Hi All,

I'm currently writing a simple Perl form processor (how unusual) and, for obvious reasons (the form does open a pipe to send some mail), I use the -T switch. Now, on the virtual server I'm currently working on, with the -T switch, Perl will simply refuse to send *anything* through the pipe - even without any tainted data around.
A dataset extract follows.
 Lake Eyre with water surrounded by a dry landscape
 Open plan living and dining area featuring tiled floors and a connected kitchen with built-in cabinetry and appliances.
Without -T, it runs just fine. Check the code:

#!/usr/local/bin/perl -Tw
print "Content-type: text/html\n\n";
print "Send an email<br>\n";

open (MAIL,'| /usr/sbin/sendmail -t');

print MAIL <<END;
To: blue\@someisp.com
From: info\@someisp.com
Subject: nothing much


Hi there! Tainted switch test: on.
END
close MAIL;

print "Email sent.<br>\n";

exit;

Any idea why this really basic script fails with -T on? Is this situation indicative of smthg wrong with the server setup, or did I screw up somewhere else without noticing? I'm working on a server running FreeBSD 5.3 with Perl 5.008005 installed, and I feel like banging my head in the wall.

Thanks in advance for your help!

If you changed the open() call to
open (MAIL,'| /usr/sbin/sendmail -t') or die $!;
you'd see the error message
(always check the return value of system calls)

Basically, even though you're using an absolute path to sendmail, taint's complaining because your $ENV{PATH} is still tainted
Do this
$ENV{PATH} = '';
just below the #! line, and it should all work

Excellent, problem solved. Thanks Fire! I read your post, then I asked to see (and got) the logfiles and spotted the taint error pointing to $ENV{PATH}. Then I found this page http://search.cpan.org/~andyd/perl5.003_07/pod/perlsec.pod and everything was clear.

Great, and thanks again for your help!